▶ **AIM OF THE EXERCISE**
Produce a word-for-word copy of the listing below without its pictures.

▶ **STORED DATA**
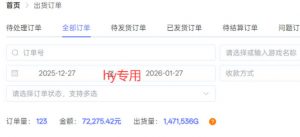 每天见收益，全自动游戏挖金项目，无需人工操作，轻松日入1k，长期稳定项目【揭秘】-沐风资源库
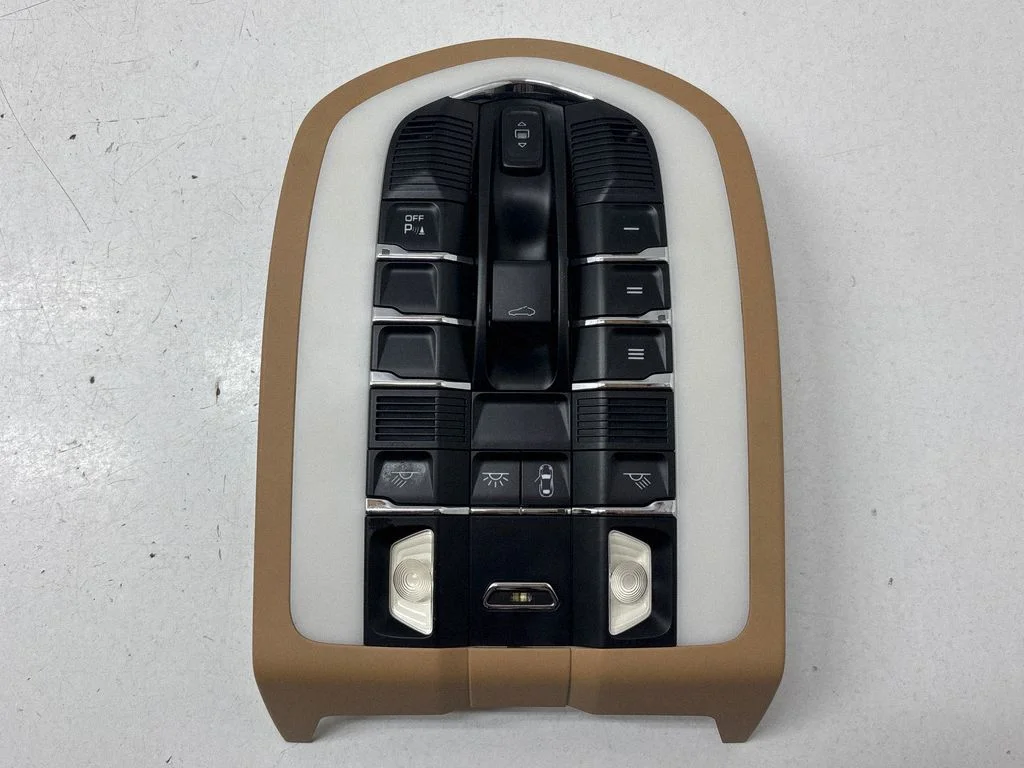 Front seat light 7PP919317
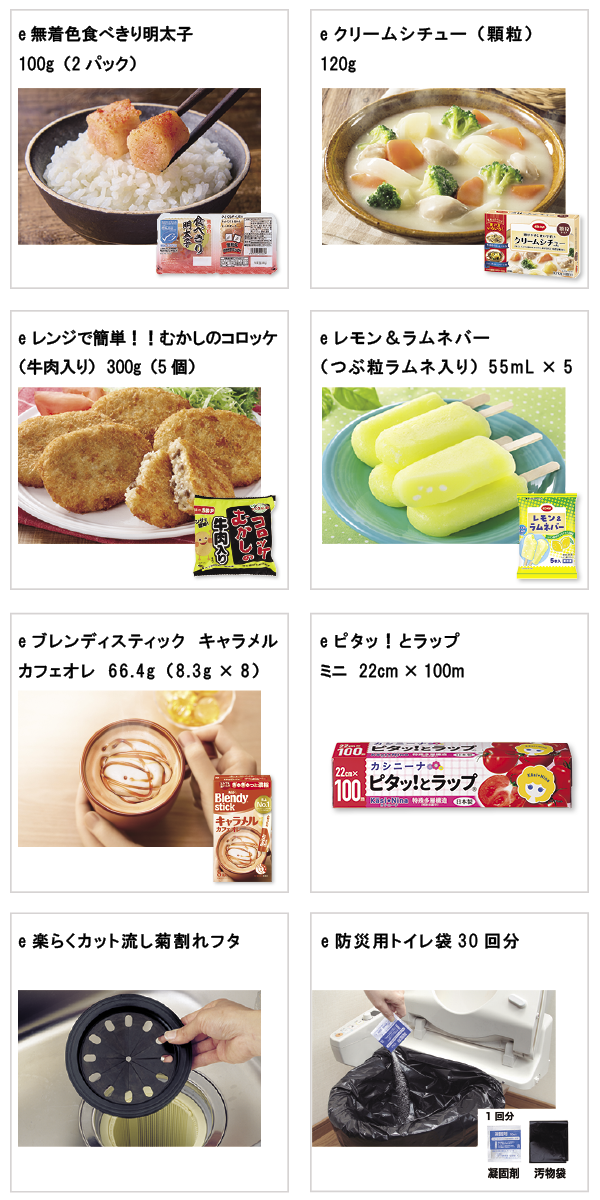 先着限定商品の紹介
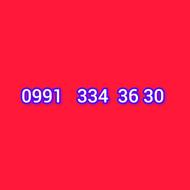 09913343630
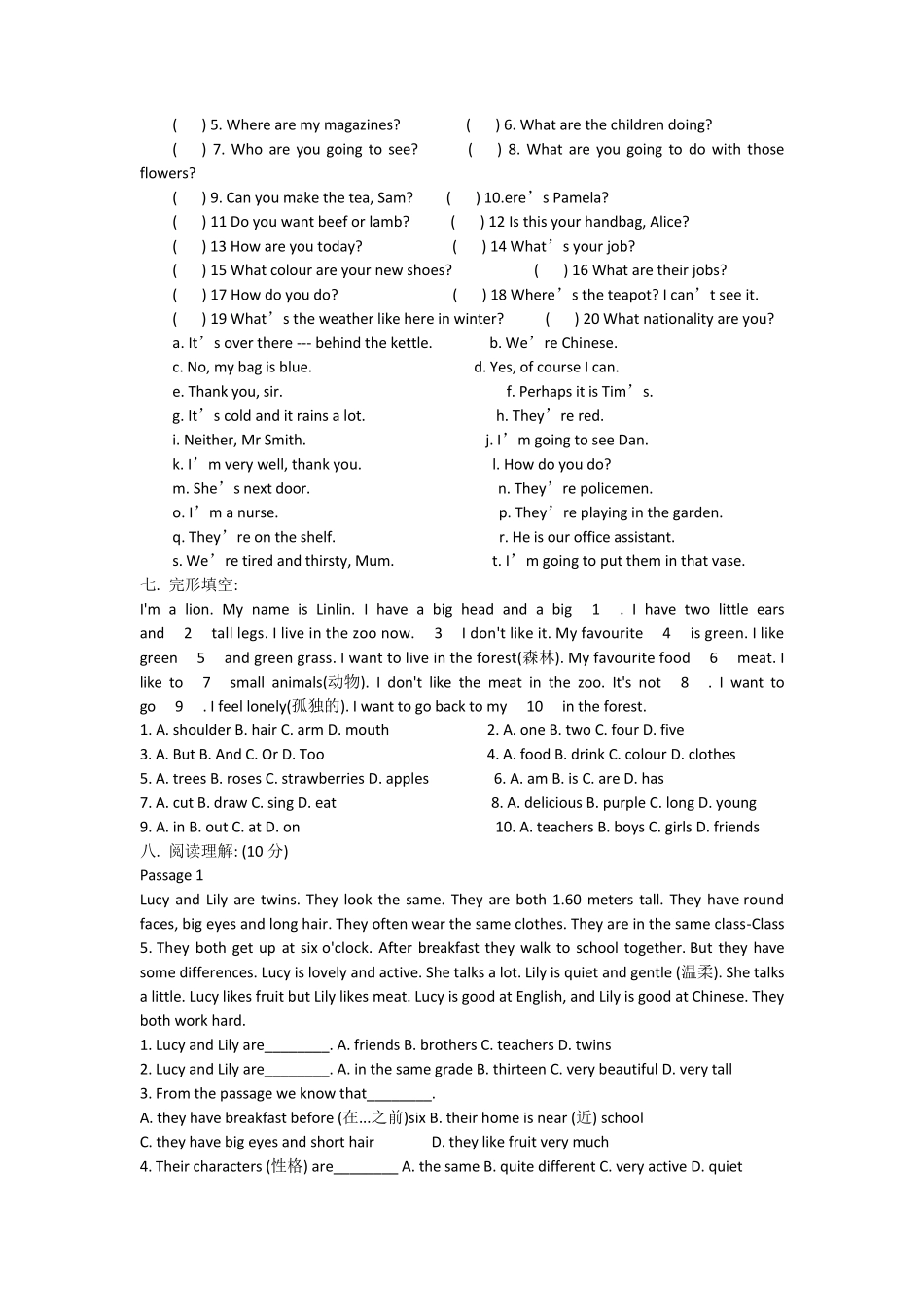 新概念英语第一册全册测试题_第2页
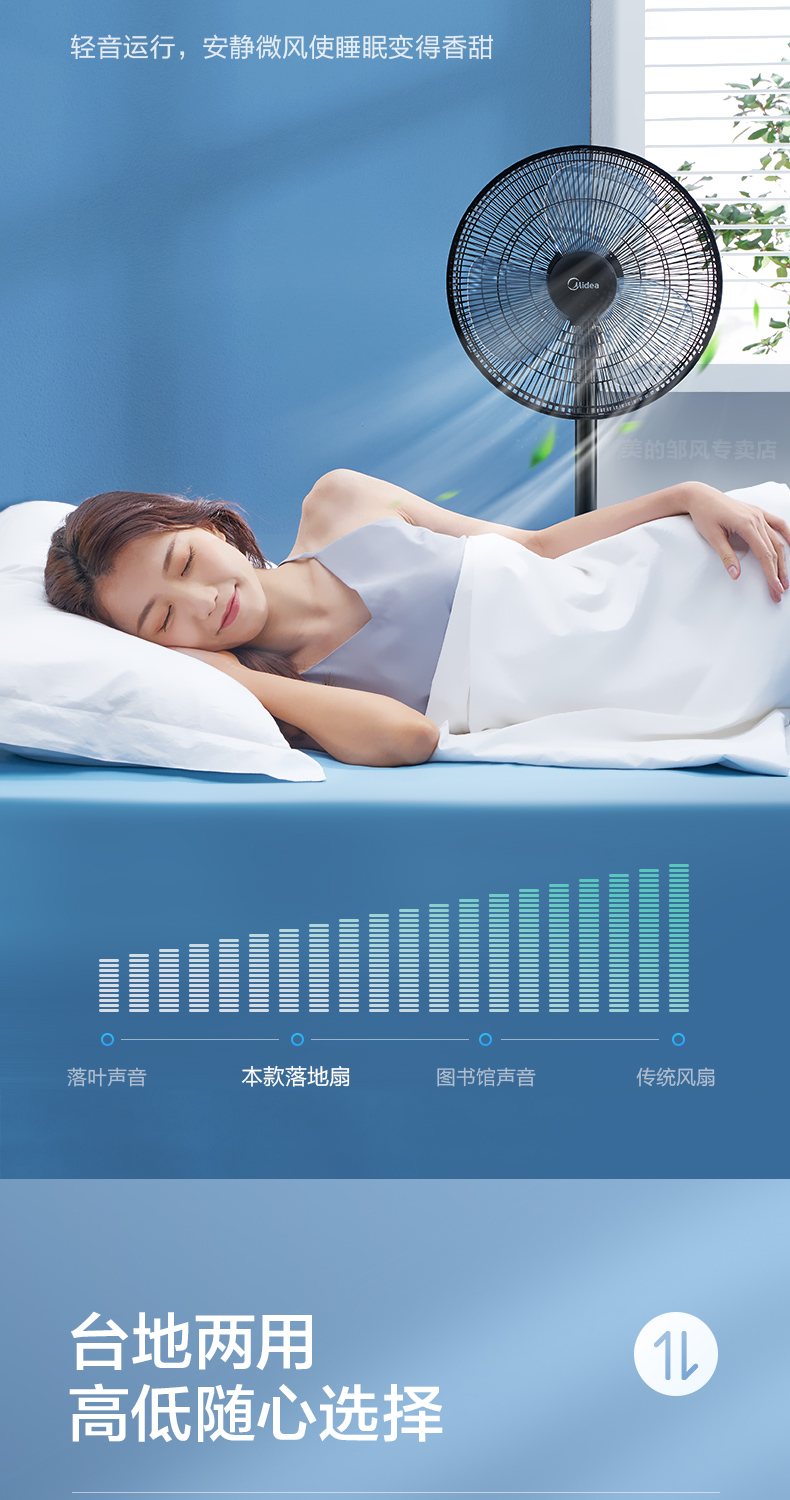 美的 FS40-18C 极简台立式电风扇 1级能效 图9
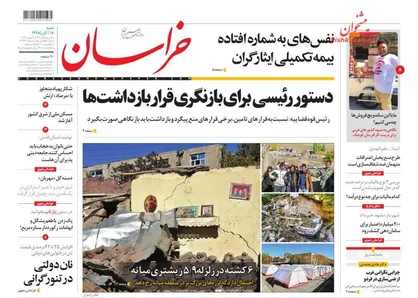 عناوین روزنامه&zwnj;های سیاسی ۱۸ آبان ۹۸/ دیپورت خانم بازرس آلوده +تصاویر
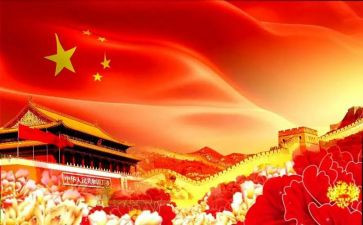 71讲话心得体会优质5篇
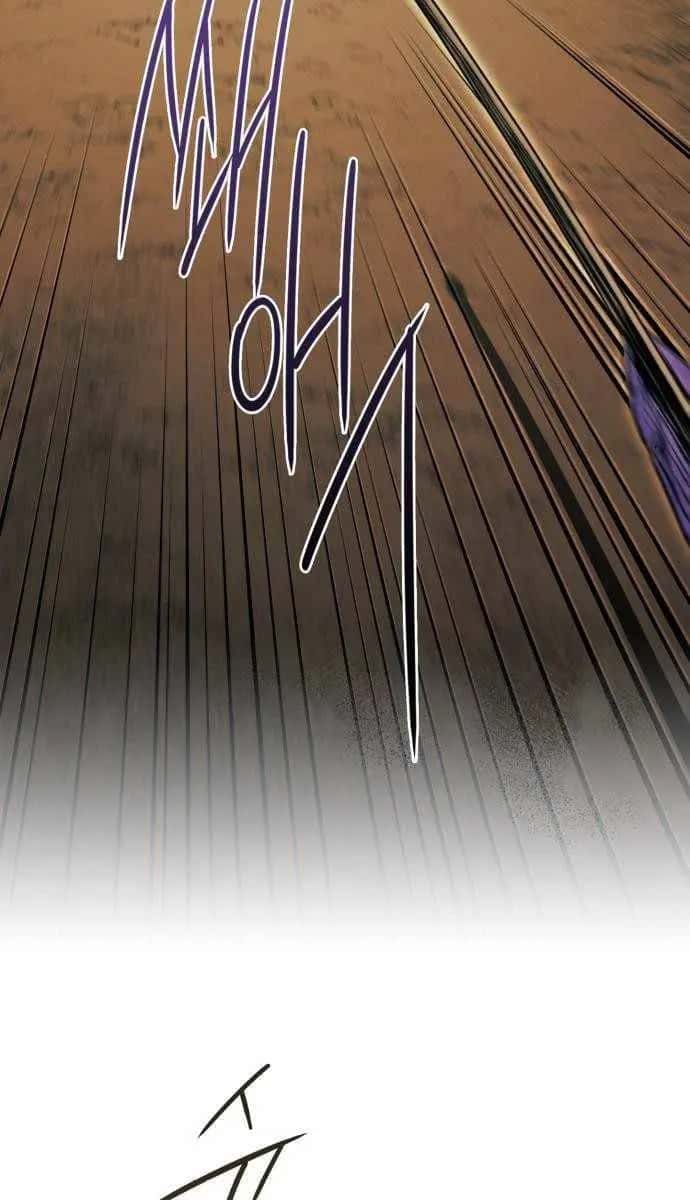 Blinded by the Setting Sun Chapter 87 Page 7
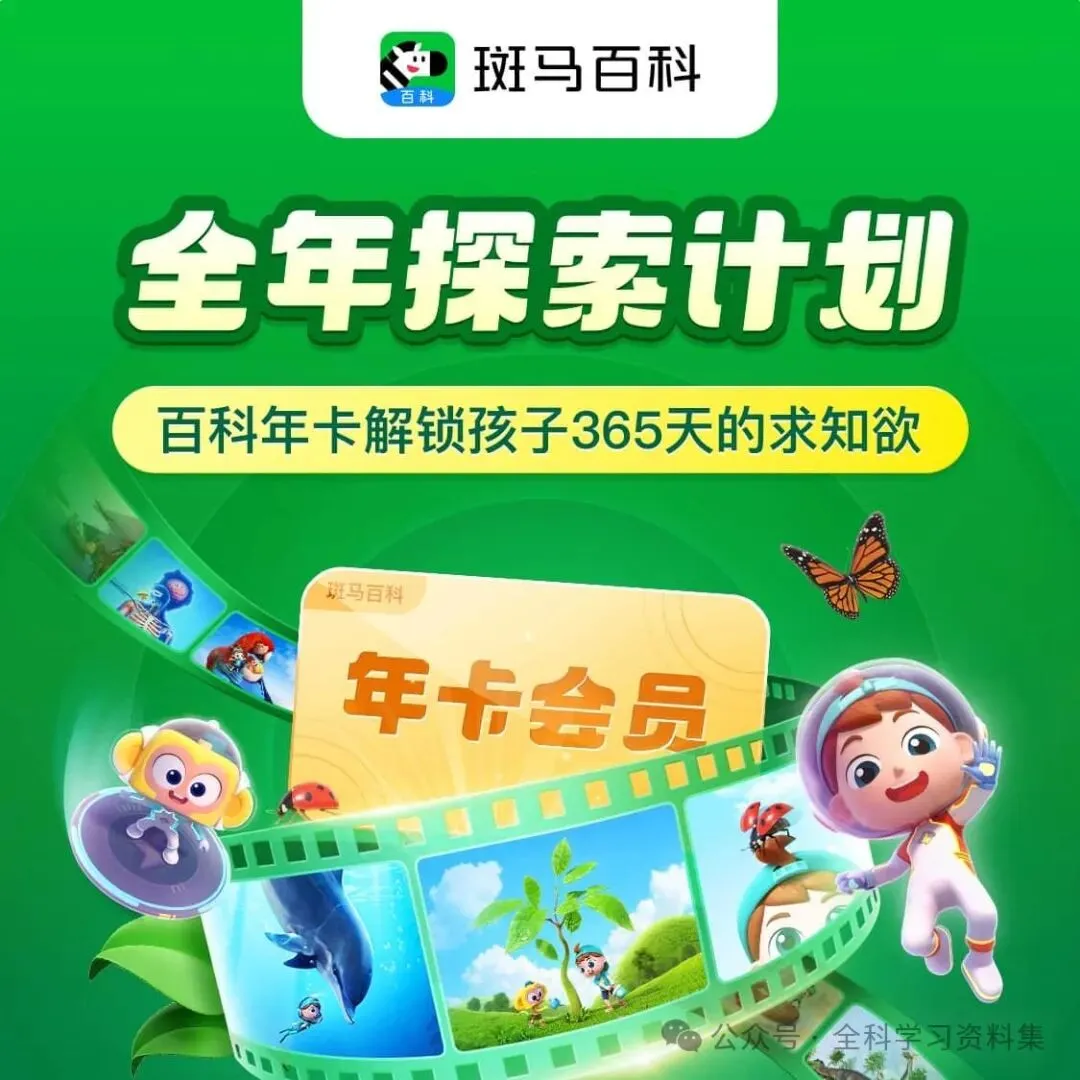 【中考专项精品试题分类】化学资料 第20张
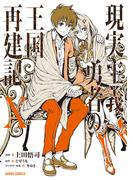オーバーラップ イチオシ作品特集!! 第1弾
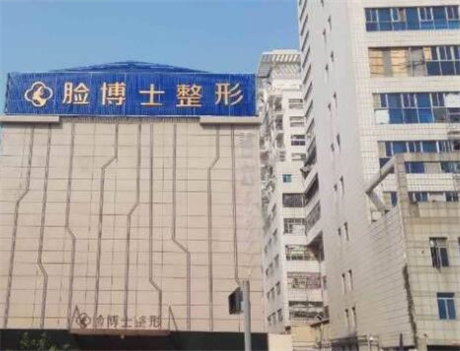 厦门激光脱毛哪家医院好？这三家凭实力入围！(图1)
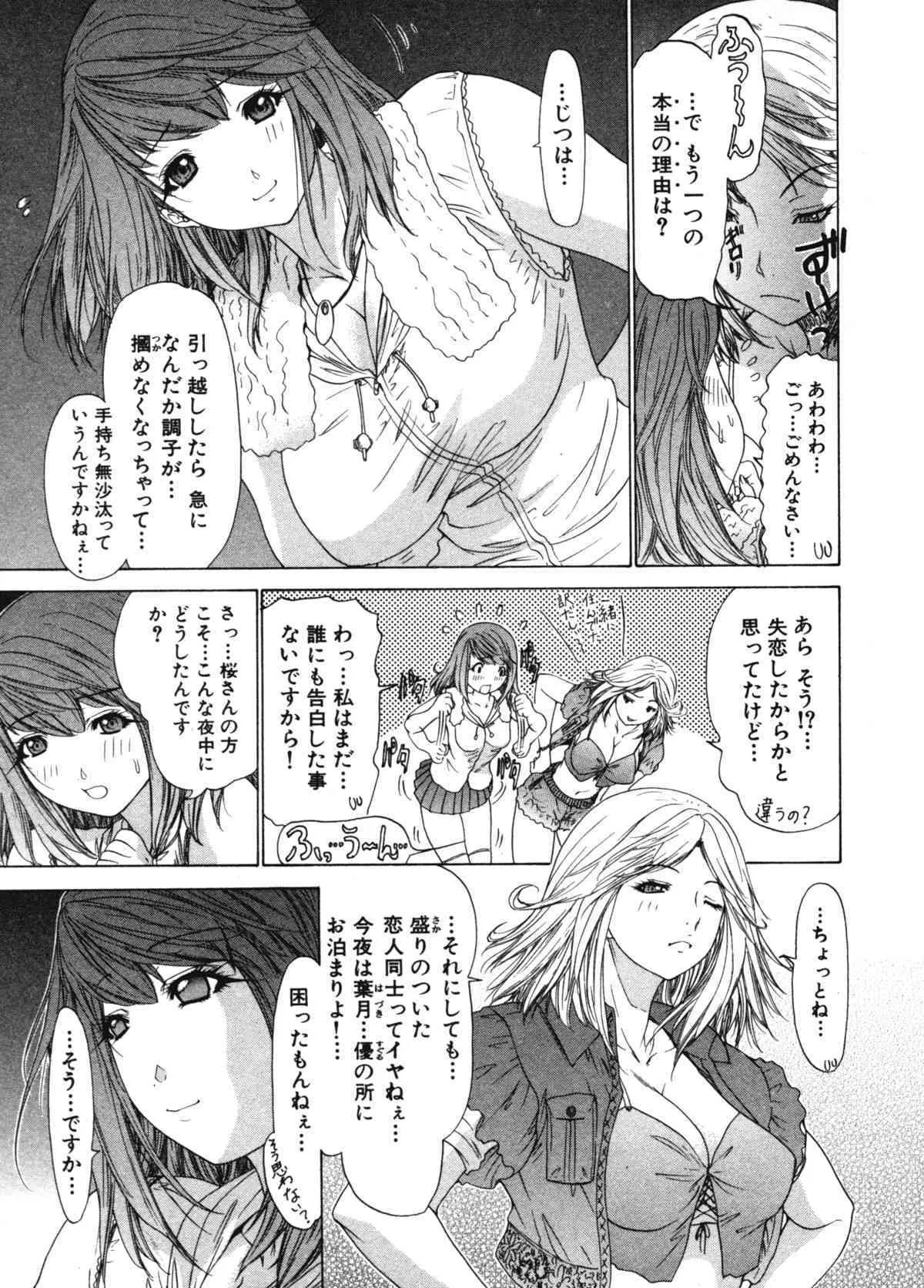 [夕凪薫] 気になるルームメイト 第3巻_4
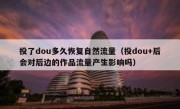 投了dou多久恢复自然流量（投dou+后会对后边的作品流量产生影响吗）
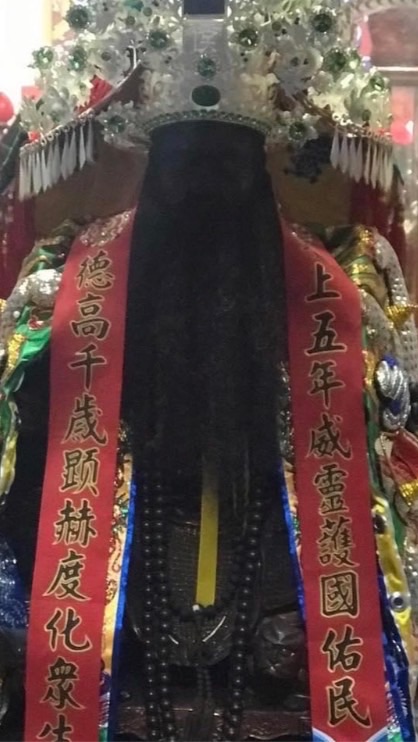 鶯歌-鎮德宮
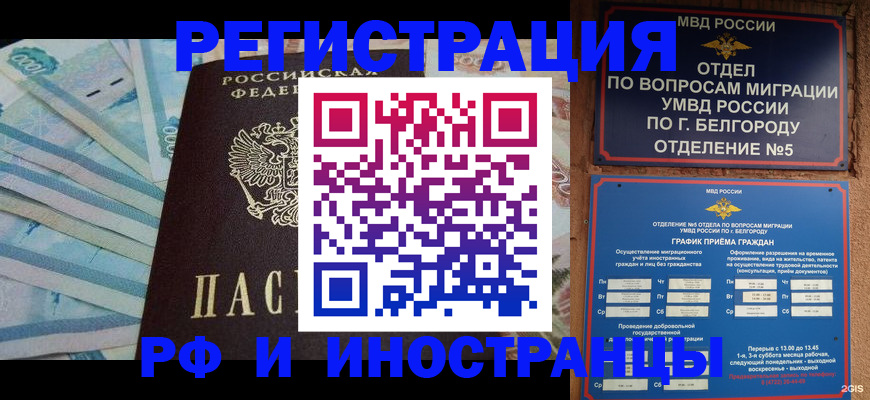 временная регистрация недорого в Лесозаводске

▶ **EXERCISE RESPONSE**
 每天见收益，全自动游戏挖金项目，无需人工操作，轻松日入1k，长期稳定项目【揭秘】-沐风资源库
 Front seat light 7PP919317
 先着限定商品の紹介
 09913343630
 新概念英语第一册全册测试题_第2页
 美的 FS40-18C 极简台立式电风扇 1级能效 图9
 عناوین روزنامه&zwnj;های سیاسی ۱۸ آبان ۹۸/ دیپورت خانم بازرس آلوده +تصاویر
 71讲话心得体会优质5篇
 Blinded by the Setting Sun Chapter 87 Page 7
 【中考专项精品试题分类】化学资料 第20张
オーバーラップ イチオシ作品特集!! 第1弾
 厦门激光脱毛哪家医院好？这三家凭实力入围！(图1)
 [夕凪薫] 気になるルームメイト 第3巻_4
 投了dou多久恢复自然流量（投dou+后会对后边的作品流量产生影响吗）
 鶯歌-鎮德宮
 временная регистрация недорого в Лесозаводске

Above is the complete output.